* Task input:
== Segment start ==

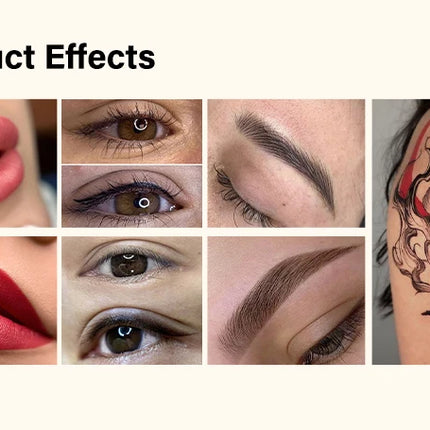 FAMISOO Tattoo Machnie Permanent Makeup Machines Makeup Tattoo Pen for Eyeliner Lip Eyebrow Permanent Makeup Tattoo Supplies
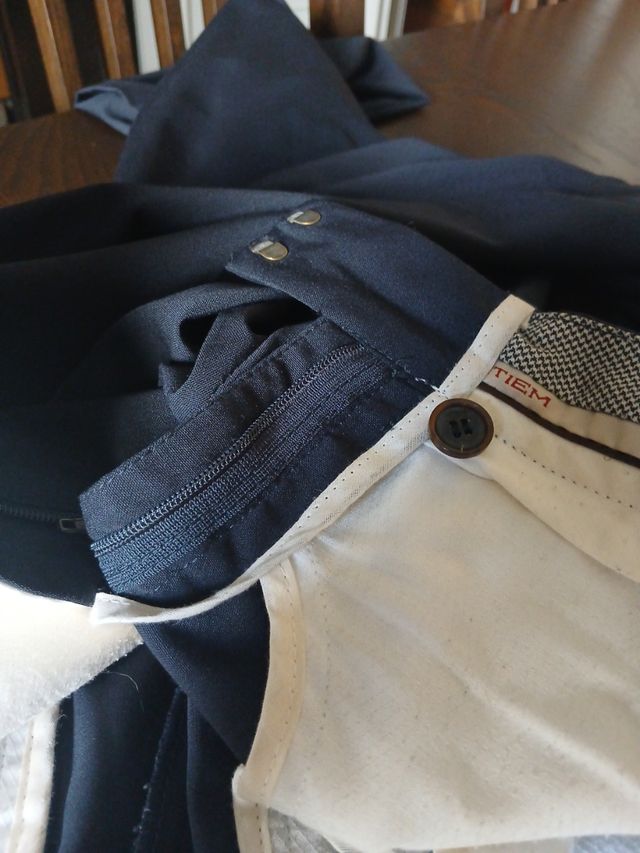 Pantalón ETIEM negro mujer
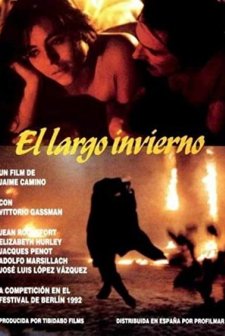 El Largo invierno (1992) afişi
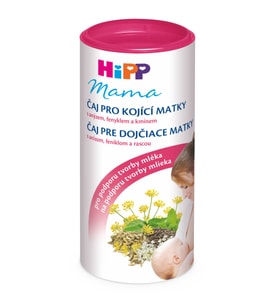 HIPP MAMA ČAJ PRO KOJÍCÍ MATKY - PODPORA KOJENÍ - PRE MAMIČKY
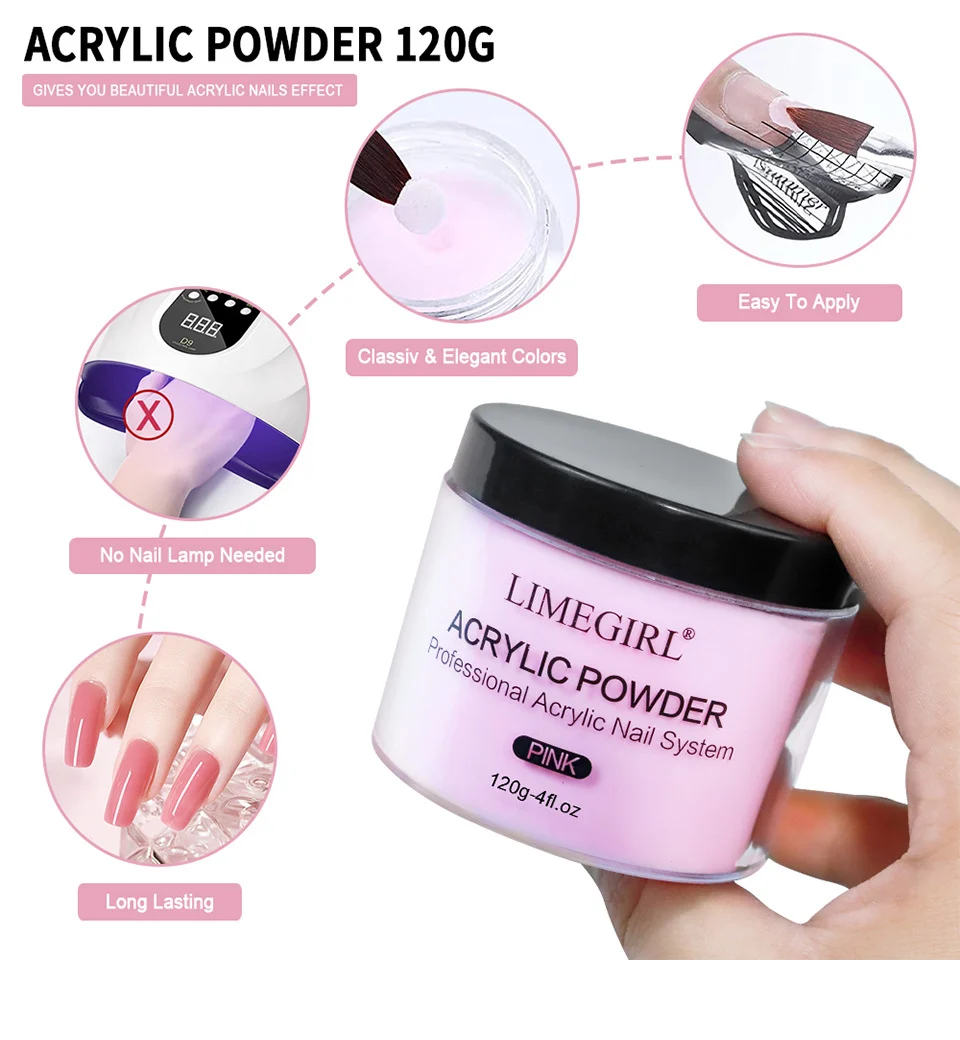 limegirl acrylic nail kit 120g spu895525791026 desc 12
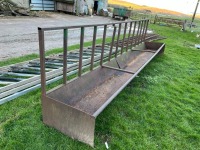 Cattle feed trough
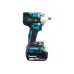 Аккумуляторный гайковерт ударный MAKITA DTW302RTJ, LXT BL 18В, 2x5.0 Ач, быстрое ЗУ, кейс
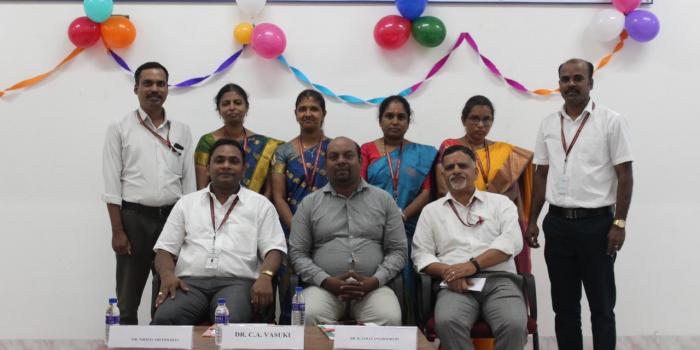 Department of Computer Science (SF) organized the COMSAC-23 Association Inaugural Function on September 11, 2023 at 10.30 am in Conference Hall, Kongunadu Arts and Science College.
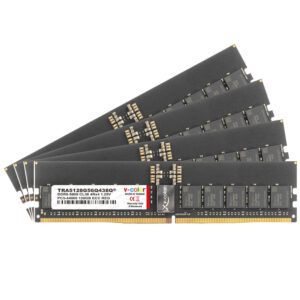 v-color DDR5 512GB (4x128GB) 5600 CL38 OC R-DIMM Workstation
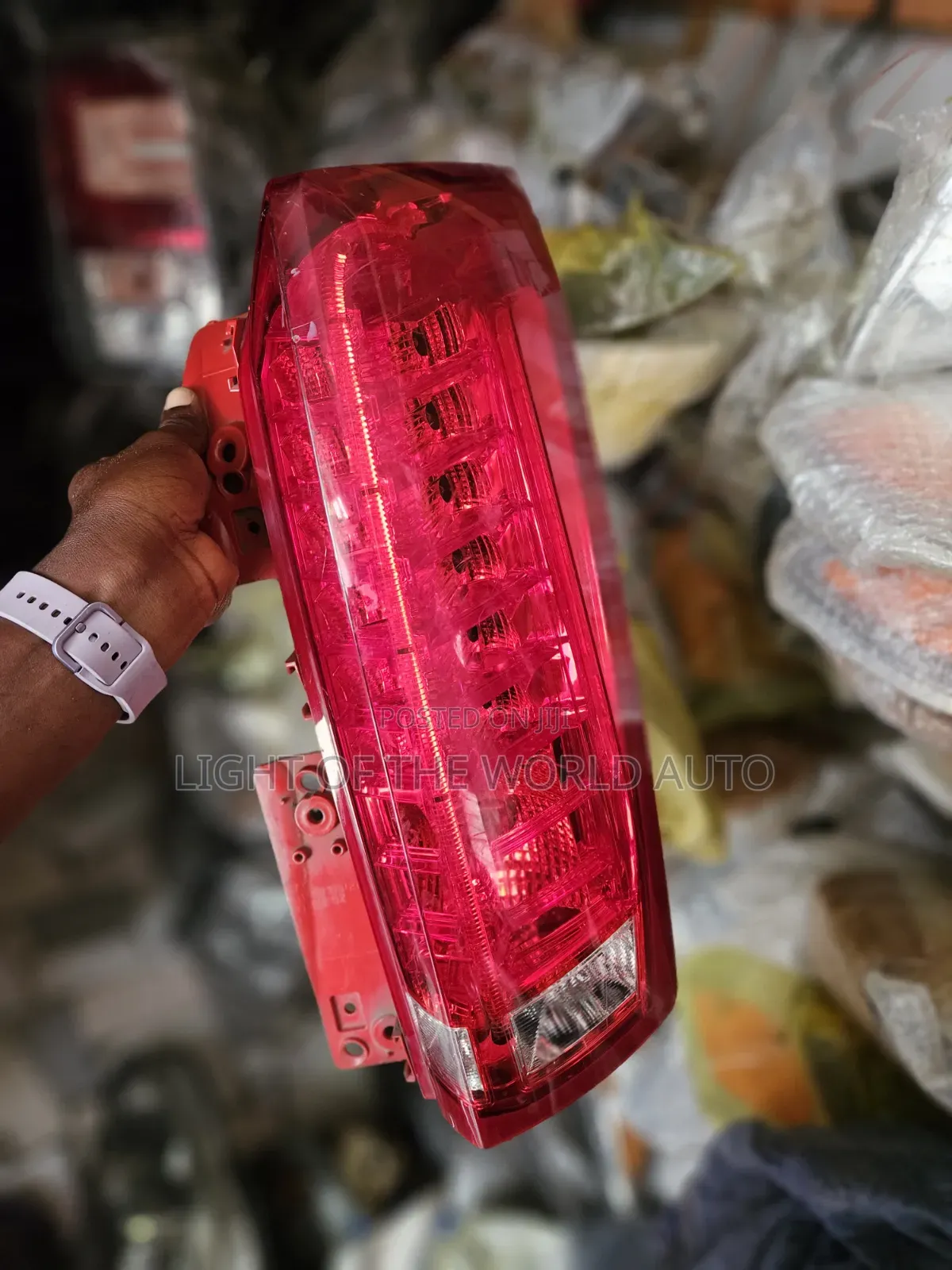 Cadillac SRX Taillights 2016 Right Side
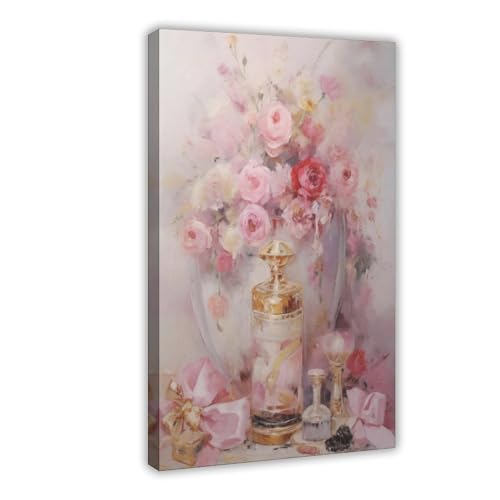 Toile de parfum doré pour une chambre romantique en Saint-Valentin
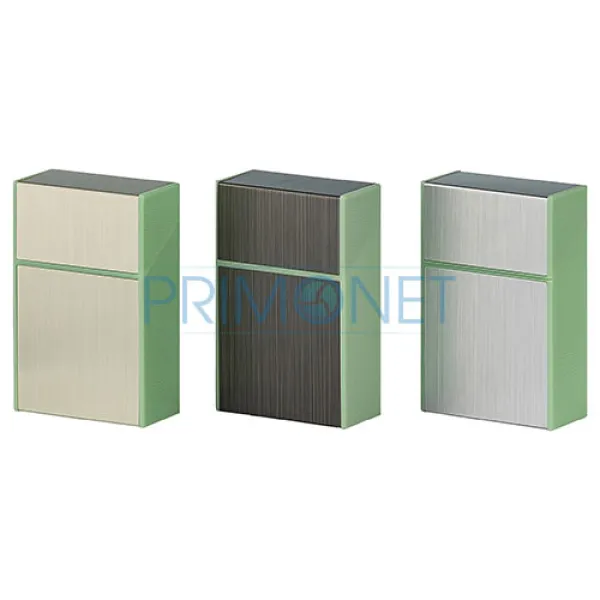 Pachet Tigari Clic Box Print 15 (fosforescent)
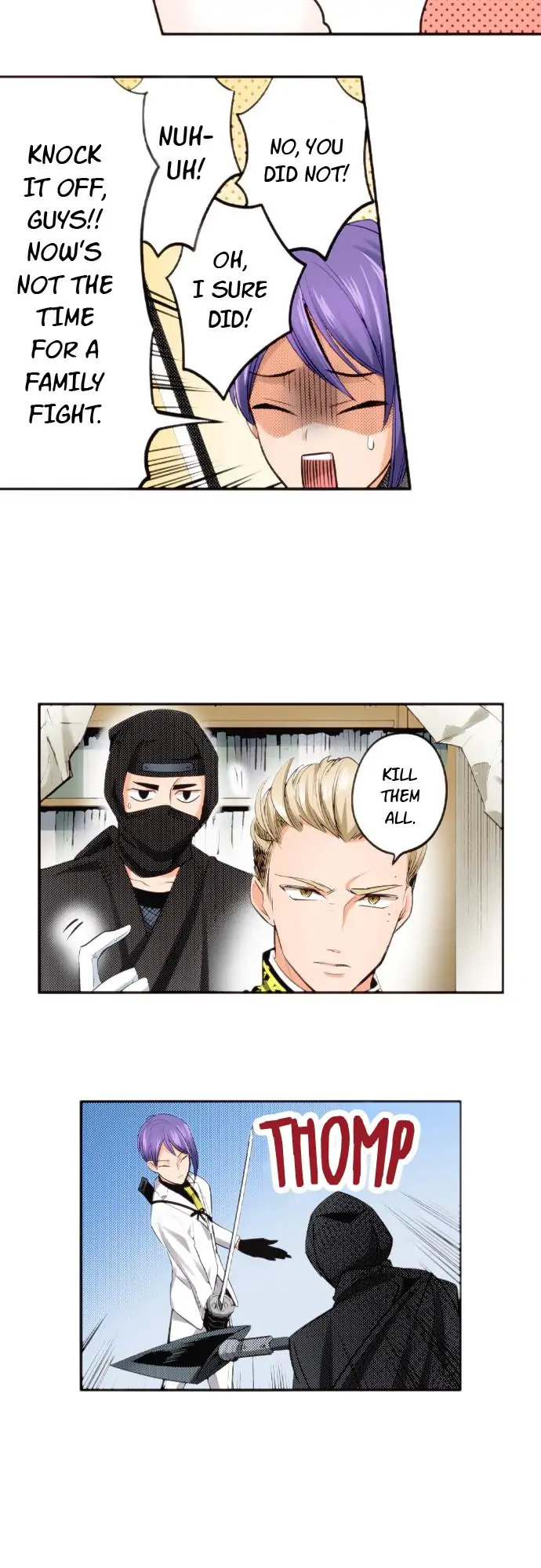 The Tale of a High School Ninja Chapter 85 - page 3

== Segment end ==

* About this task: Give back every line of the material exactly as written, but not the pictures.

* Final answer:
 FAMISOO Tattoo Machnie Permanent Makeup Machines Makeup Tattoo Pen for Eyeliner Lip Eyebrow Permanent Makeup Tattoo Supplies
 Pantalón ETIEM negro mujer
 El Largo invierno (1992) afişi
 HIPP MAMA ČAJ PRO KOJÍCÍ MATKY - PODPORA KOJENÍ - PRE MAMIČKY
 limegirl acrylic nail kit 120g spu895525791026 desc 12
 Cattle feed trough
 Аккумуляторный гайковерт ударный MAKITA DTW302RTJ, LXT BL 18В, 2x5.0 Ач, быстрое ЗУ, кейс
 Department of Computer Science (SF) organized the COMSAC-23 Association Inaugural Function on September 11, 2023 at 10.30 am in Conference Hall, Kongunadu Arts and Science College.
 v-color DDR5 512GB (4x128GB) 5600 CL38 OC R-DIMM Workstation
 Cadillac SRX Taillights 2016 Right Side
 Toile de parfum doré pour une chambre romantique en Saint-Valentin
 Pachet Tigari Clic Box Print 15 (fosforescent)
 The Tale of a High School Ninja Chapter 85 - page 3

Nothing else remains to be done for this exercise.